International beobachteten Presse und Politik die Kanzlerwahl in Berlin sehr genau. Von ihr und den folgenden vier Jahren hängt vieles ab.
Europa blickt einen ganzen Tag lang gebannt auf Deutschland. Als Friedrich Merz morgens im ersten Wahlgang durchfällt, folgt ihm der Dax: Dieser büßt sofort 481 Punkte innerhalb von zweieinhalb Stunden ein und zieht den europäischen Eurostoxx mit nach unten. Auch die internationale Presse ist konsterniert, trotz der stehenden Ovationen nach dem zweiten Wahlgang am Nachmittag: „Der Jubel kann die ernste Warnung nicht auslöschen“, titelt die dänische Zeitung „Politiken“ denn auch am Tag nach der Kanzlerwahl.
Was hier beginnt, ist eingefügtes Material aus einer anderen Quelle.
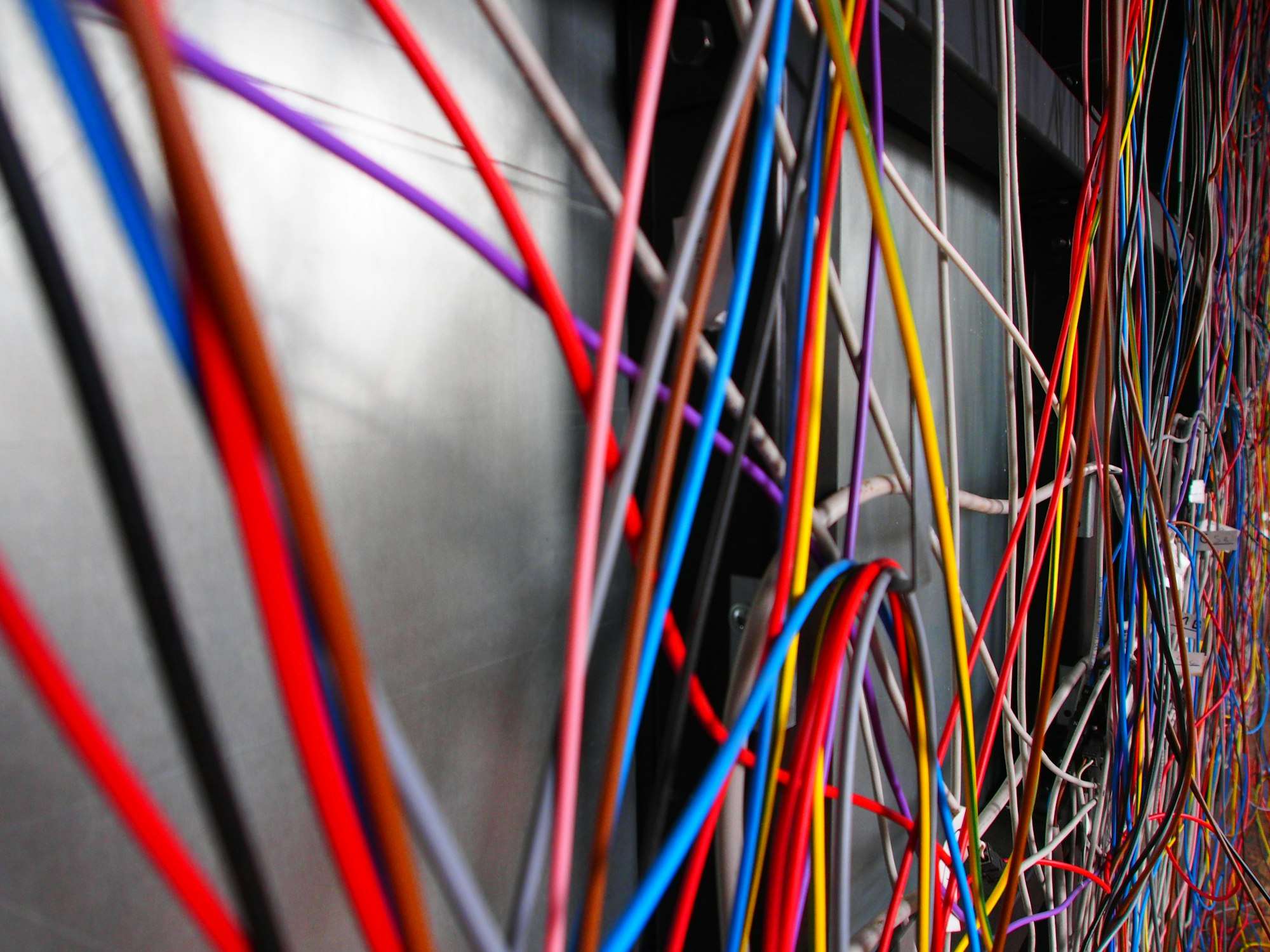 Kabel, überall Kabel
Die „unerwartete Demütigung“ gerät zum schwierigen Start einer Koalition, von der die Koalitionäre selbst immer wieder sagen, sie sei keine Traumhochzeit. Entsprechend warnt die Londoner „Financial Times“ auch: „Die Abstimmung war das anschaulichste Beispiel für die Herausforderungen, mit denen Merz während seiner Amtszeit konfrontiert sein wird. Der 69-jährige Kanzler steht vor der Aufgabe, die größte Volkswirtschaft Europas in einer Zeit des politischen und wirtschaftlichen Umbruchs zu reformieren – und er ist dabei auf eine hauchdünne parlamentarische Mehrheit angewiesen.“ Die EU-Ausgabe des Magazins „Politico“ ist davon überzeugt: „Merz ist von Tag eins an geschwächt. Europa wird die Zeche zahlen.“ Denn das wirtschaftlich stärkste Land Europas zeige tiefe Risse in einer Zeit, in der Einheit dringend geboten sei und in der auch das zweitwichtigste Land, Frankreich, aufgrund innenpolitischer Fliehkräfte so gut wie gelähmt sei.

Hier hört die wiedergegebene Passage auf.